De um ponto de vista psicológico, assim como a virtude pressupõe a aquisição de hábitos bons, os quais predispõem a alma a operar excelentemente, o que implica trânsito da potência ao ato e, portanto, um tempo para realizar-se, assim também a malícia humana não é algo que irrompe de forma abrupta.[1] Ela pressupõe um processo gradativo em que os vícios vão fechando as portas da alma, corrompendo os movimentos naturais das potências superiores — inteligência e vontade. Portanto, antes de tornar-se malicioso, o homem geralmente passa pelo letargo do espírito que os medievais chamavam de acídia, pecado capital traduzido numa espécie de ódio à própria excelência. E a acídia, por contraditório que possa parecer, tem íntima relação com a soberba.


Expliquemo-nos.


Comumente se define a soberba como o amor exagerado da própria excelência, o que, em linhas gerais, é acertado. Mas, quando investigamos a fundo, vemos que a excelência amada pelo homem soberbo é falsa, pois provém não apenas de sua incapacidade de aquilatar a miséria da própria condição (de ente finito, contingente, etc.), mas também de deliberar a respeito da hierarquia dos bens que há na realidade.[2] Como pecado supracapital, a soberba alimenta todos os demais — inclusive a acídia, em relação à qual possui anterioridade ontológica.[3] Assim, uma pessoa só é capaz de odiar a própria excelência, decaindo numa funesta tristeza e na recusa dos bens espirituais que a integram, após amá-la tortuosamente com a cupidez da soberba, apegando-se de maneira desordenada a aspectos secundários ou acidentais.[4] Nos temperamentos coléricos ou sangüíneos, a acídia é passageira e, ao ser retroalimentada pela vanglória, refina a maldade; nos fleumáticos, costuma resultar em pusilanimidade, inação, torpor mental.[5]
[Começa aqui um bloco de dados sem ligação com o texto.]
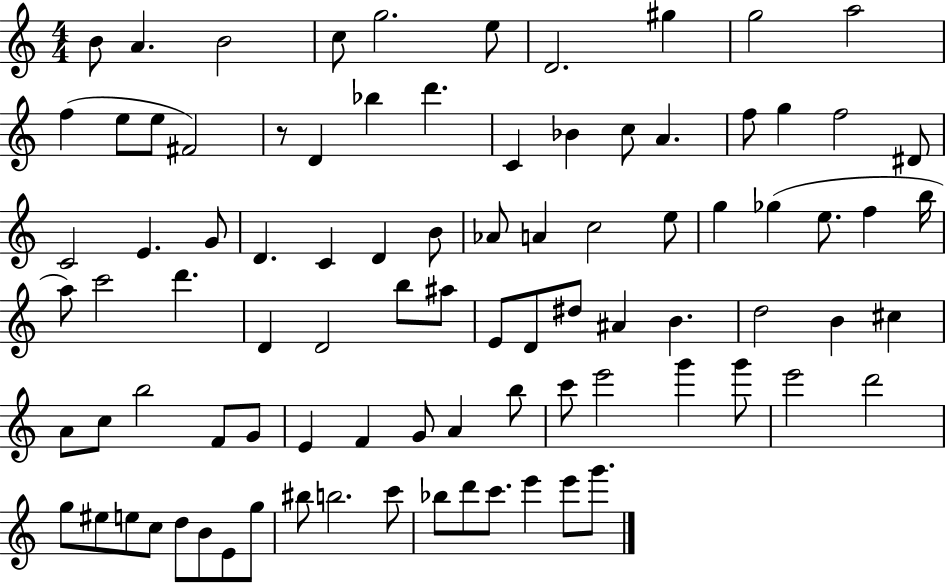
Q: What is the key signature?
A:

Em poucas palavras, a negligência em lograr o próprio bem espiritual, característica da acídia, provém da cegueira típica do homem soberbo, que quer dominar e ser louvado por todos sem ter o trabalho de ele mesmo fazer-se virtuoso. A propósito, o soberbo almeja poder e reconhecimento muito além dos seus reais méritos, daí ter ojeriza aos bens espirituais que é chamado a realizar, dada a sua natureza de criatura dotada de inteligência e vontade — e, portanto, capaz de verdade e amor. Pode-se dizer que a sua alma se tornou disléxica, pois na leitura da realidade passou a dar saltos, perdeu a noção das gradações existentes na ordem do ser e, de erro em erro, se fez refém de uma agônica situação: só consegue contemplar os bens inferiores com desprezo, e os superiores com inveja e ódio. Uma pessoa em tal estado delibera mal e acaba por escolher a si mesma como bem “supremo. O seu non serviam é nada menos que uma louca insurreição contra o real.[6]
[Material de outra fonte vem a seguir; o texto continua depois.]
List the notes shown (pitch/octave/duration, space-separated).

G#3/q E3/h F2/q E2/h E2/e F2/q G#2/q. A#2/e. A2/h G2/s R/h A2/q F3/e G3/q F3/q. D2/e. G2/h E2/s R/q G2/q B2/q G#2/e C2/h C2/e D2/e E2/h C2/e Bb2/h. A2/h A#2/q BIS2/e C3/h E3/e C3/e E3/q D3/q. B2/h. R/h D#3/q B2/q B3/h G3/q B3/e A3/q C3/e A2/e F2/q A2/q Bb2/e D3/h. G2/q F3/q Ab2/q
Vale dizer que a malícia comporta graus simetricamente proporcionais ao crescimento da desesperança, até culminar no desespero que é pecado contra o Espírito Santo — a descrença na misericórdia divina. Neste contexto, convém observar que o máximo desespero coincide com a mais acabada malícia. É o caso de Lúcifer: a maldade em que jaz é concomitante com a certeza que possui de sua condenação, visto ter escolhido com anuência perfeita da vontade não servir a Deus. Em resumo, o seu “não” a Deus foi um ato irrevogável porque levado a cabo com plena ciência, sem o influxo de paixões ou ignorância, não havendo mais esperança alguma para ele nem para os demônios que o seguiram; só desespero. Analogamente ao suicida que, ao apertar o gatilho contra a cabeça, não tem como voltar atrás, Lúcifer escolheu opor-se a Deus sabendo que esta era uma opção definitiva.[7]


O abismo de agonia em que essas criaturas caíram é impossível de descrever com humanas palavras. A sua dor não tem nome, e é eterna. Contudo, podemos compará-la — numa escala infinitesimalmente menor — à do homem malicioso que possui enorme dificuldade de se arrepender, porque faz o mal de caso pensado e, de uma maneira ou de outra, sofre na alma as conseqüências de sua devoção ao vício. Nas palavras do Aquinate, o malicioso obra o mal ex electione, ex industria e ex certa scientia, ou seja: elege-o livremente; põe todo o engenho em sua consecução; e busca conhecer bem os meios para realizá-lo da melhor maneira. O seu sofrimento psicológico se cristaliza num labirinto sem saída, pois neste estado até o prazer tem como ingredientes a inveja e o ódio.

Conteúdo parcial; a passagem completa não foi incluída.